Blocking vs non-blocking: what happens at the OS level
When you call read() on a blocking socket:
Your code OS Kernel
│ │
├── read(fd) ──────────────────► │
│ (your thread is FROZEN) │ waiting for data...
│ (can't do anything else) │ still waiting...
│ │ data arrives!
│ ◄── returns data ──────────────┤
│ │
When you call read() on a non-blocking socket:
Your code OS Kernel
│ │
├── read(fd) ──────────────────► │
│ ◄── WouldBlock (instantly) ────┤ no data yet
│ │
│ (go do other work!) │
│ │
├── read(fd) ──────────────────► │
│ ◄── WouldBlock (instantly) ────┤ still no data
│ │
│ ... later, after kqueue says │
│ "fd is ready" ... │
│ │
├── read(fd) ──────────────────► │
│ ◄── returns data ──────────────┤ data was ready!

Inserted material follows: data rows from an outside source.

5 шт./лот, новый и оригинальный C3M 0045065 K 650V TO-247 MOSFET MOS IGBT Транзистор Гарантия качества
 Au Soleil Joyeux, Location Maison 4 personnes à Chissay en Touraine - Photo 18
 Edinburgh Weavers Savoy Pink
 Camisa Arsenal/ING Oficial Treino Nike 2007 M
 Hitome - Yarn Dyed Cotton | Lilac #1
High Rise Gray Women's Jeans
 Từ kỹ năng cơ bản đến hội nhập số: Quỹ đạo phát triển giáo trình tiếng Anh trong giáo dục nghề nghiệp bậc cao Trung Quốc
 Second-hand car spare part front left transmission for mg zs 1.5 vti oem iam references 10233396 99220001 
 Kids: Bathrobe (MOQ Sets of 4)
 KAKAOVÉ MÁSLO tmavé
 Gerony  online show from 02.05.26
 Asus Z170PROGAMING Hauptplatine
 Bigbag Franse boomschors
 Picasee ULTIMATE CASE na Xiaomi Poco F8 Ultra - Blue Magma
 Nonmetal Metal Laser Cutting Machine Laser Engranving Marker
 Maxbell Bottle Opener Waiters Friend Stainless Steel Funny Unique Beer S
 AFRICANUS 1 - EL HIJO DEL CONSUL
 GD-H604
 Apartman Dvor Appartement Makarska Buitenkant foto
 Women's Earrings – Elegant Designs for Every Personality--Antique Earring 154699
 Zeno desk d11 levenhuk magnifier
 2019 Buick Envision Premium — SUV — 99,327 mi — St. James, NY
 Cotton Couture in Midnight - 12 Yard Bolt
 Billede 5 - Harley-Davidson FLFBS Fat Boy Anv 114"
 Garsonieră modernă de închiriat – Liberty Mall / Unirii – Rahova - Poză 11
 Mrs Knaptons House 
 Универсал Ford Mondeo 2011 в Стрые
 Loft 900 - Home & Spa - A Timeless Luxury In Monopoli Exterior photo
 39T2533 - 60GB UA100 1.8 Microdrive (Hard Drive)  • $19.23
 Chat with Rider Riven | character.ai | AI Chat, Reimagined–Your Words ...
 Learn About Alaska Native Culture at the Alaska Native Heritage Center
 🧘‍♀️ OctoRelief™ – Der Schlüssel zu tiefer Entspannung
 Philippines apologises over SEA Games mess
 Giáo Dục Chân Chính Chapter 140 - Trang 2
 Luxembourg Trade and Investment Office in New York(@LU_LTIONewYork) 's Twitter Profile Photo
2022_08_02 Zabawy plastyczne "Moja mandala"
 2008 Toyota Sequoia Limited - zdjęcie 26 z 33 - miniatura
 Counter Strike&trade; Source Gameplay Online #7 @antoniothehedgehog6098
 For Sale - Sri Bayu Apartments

See kqueue/epoll (the OS event system)
On Linux, you can trace the actual syscalls:
strace -e epoll_wait,epoll_ctl,accept,read python3 -c "
import socket
s = socket.socket()
s.bind(('127.0.0.1', 9999))
s.listen()
print('waiting for connection...')
s.accept()
"
# You'll see: epoll_create, epoll_ctl (register fd), epoll_wait (block until event)
On macOS, SIP restricts dtruss/dtrace. Instead, use sample to see where a process is blocked:
# While the blocking server above is waiting on accept():
sudo sample <pid> 1 2>&1 | grep -i 'accept\|kevent\|select'
# You'll see it stuck in accept() or kevent() — the thread is parked in the kernel
To check if syscall tracing is available on your Mac:
csrutil status
# If "System Integrity Protection status: enabled", dtruss is blocked.
# The Python demos above show the same concepts without needing dtruss.
Where async fits
Writing event-driven code by hand is painful — you end up with callback spaghetti:
#![allow(unused)]
fn main() {
// Callback hell (event-driven without async)
socket.on_readable(|data| {
process(data, |result| {
socket.on_writable(|_| {
socket.write(result, |_| {
// deeply nested, hard to follow
});
});
});
});
}
Rust’s async/.await gives you event-driven performance with sequential-looking code:
#![allow(unused)]
fn main() {
// Same logic, but readable
async fn handle(stream: TcpStream) {
let data = stream.read().await; // yields to runtime, doesn't block thread
let result = process(data);
stream.write(result).await; // yields to runtime, doesn't block thread
}
}
The compiler transforms this into a state machine (Lesson 2). The runtime (tokio) manages the event loop (Lesson 8). You write simple code, get scalable performance.
The mental model
┌─────────────────────────────────────────────────────┐
│ What you write │
│ │
│ async fn handle(stream: TcpStream) { │
│ let data = stream.read().await; │
│ stream.write(data).await; │
│ } │
└───────────────────┬─────────────────────────────────┘
│ compiler transforms
▼
┌───────────────────────────────────────────────────────┐
│ What the compiler generates │
│ │
│ A state machine enum: │
│ State::Reading → poll read, if not ready: Pending │
│ State::Writing → poll write, if not ready: Pending│
│ State::Done → return Ready(()) │
└───────────────────┬───────────────────────────────────┘
│ runtime drives
▼
┌─────────────────────────────────────────────────────┐
│ What the runtime does │
│ │
│ loop { │
│ events = kqueue.wait(); │
│ for event in events { │
│ task = lookup(event.fd); │
│ task.poll(); // advance the state machine │
│ } │
│ } │
└─────────────────────────────────────────────────────┘
The cost of async
Async isn’t free. The trade-off:
Threads Async
─────────────────────────────────────────────────────
Memory per task 2-8 MB (stack) ~100 bytes (future struct)
Max connections ~10K ~1M
Context switch OS (expensive) Userspace (cheap)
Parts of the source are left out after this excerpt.